Анастасия Николаевна Сологуб-Чеботаревская умелым талантливым отбором раскрыла философскую суть и эмоциональную мощь любовного письма, его непреходящую ценность, когда в нем запечатлена живая, ищущая истины душа. В отборе этом живет и она сама — автор-составитель, собственная душа ее. В собранном ею томе большое, пожалуй, даже господствующее место занимают письма поэтов, особенно поэтов-романтиков, и письма женщин. Отдельные строки могут сегодня рассмешить чересчур рассудительного читателя, показаться инфантильными или банальными, удивить сентиментальностью. Удивляет даже сама техника обмена письмами. Поэт начала XIX века Иустин Кернер и его возлюбленная Рикеле не пересылали их по почте, а оставляли под камнем в старой, заброшенной капелле. Но то странное, возвышенно-невнятное, о чем он ей писал, пожалуй, и нельзя было передавать иначе: «…юноша относится к деве как звезда к цветку; неустанно плывет по небу звезда, сквозь облака и бури… Цветок тихо благоухает на родной почве…» Это бормотание сердца и надо было, наверное, укрыть под камнем, как укрывает под ним бормотание первый весенний ручей.

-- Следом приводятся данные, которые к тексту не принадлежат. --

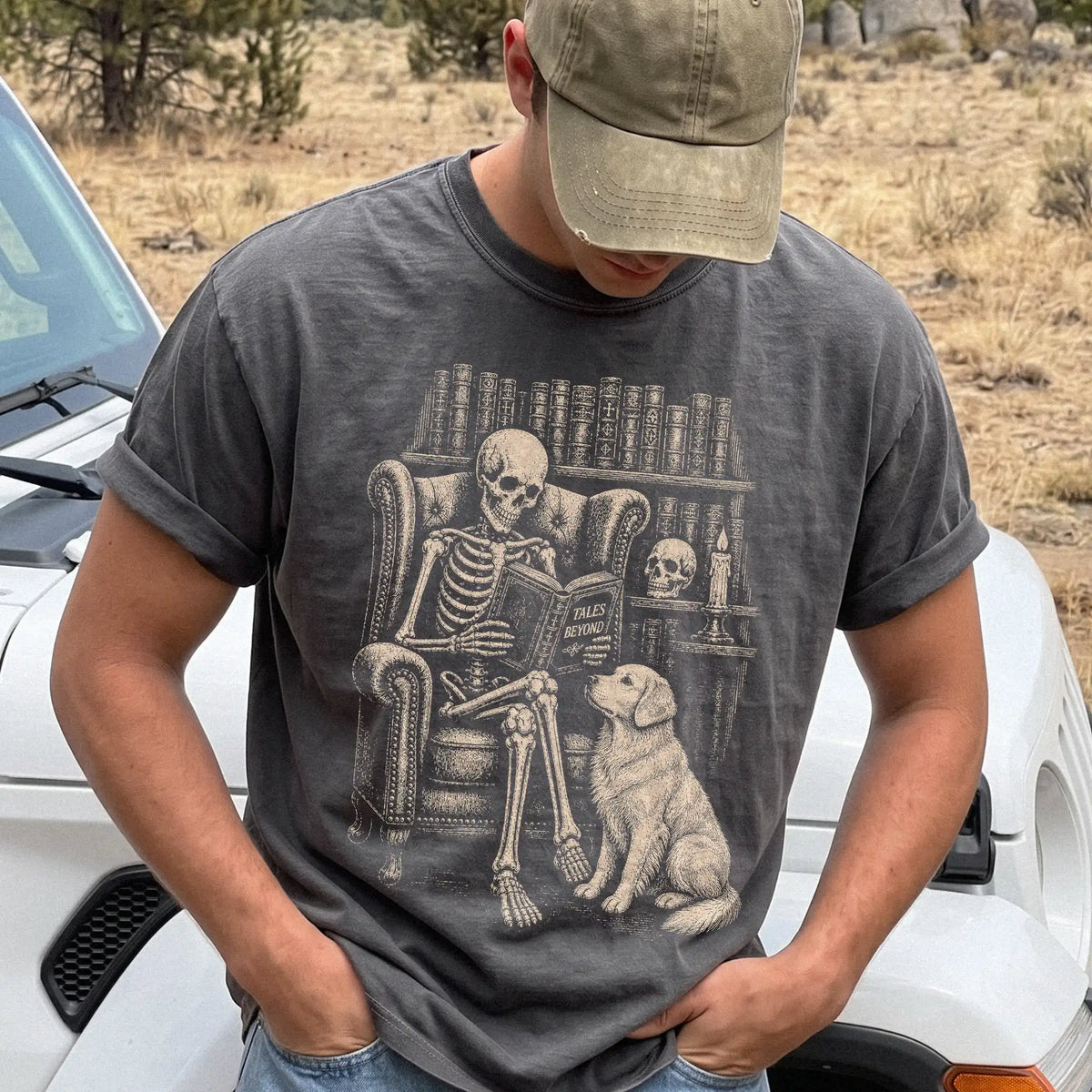 Model wearing a Pepper Comfort Colors® T-shirt showing skeleton reading in a library beside a Golden Retriever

Можно улыбнуться сегодня, читая строки из писем поэта-романтика Ленау: «В прекрасных глазах, подобных твоим, как в пророческом иероглифе, является нам материя, из которой когда-нибудь будет создано наше вечное тело. Когда я умру, то уйду из этой жизни богатым, так как видел прекраснейшее… Слова, сказанные тобой сегодня вечером, как бальзам, пролились в мое сердце… Такие минуты наполняют сердце бурным избытком и счастья, и страдания, и оно, смущенное, не знает, исходить ли ему кровью или смеяться…» Можно, повторяю, улыбнуться, можно… Но тот, кто ощутит в ворохе слов этих, похожих на ворох старой, старой листвы, живое подлинное страдание — страдание, от которого даже умирают (что и доказал собственной судьбой поэт), устыдится желания улыбнуться. Увядает стиль, но не умирает боль.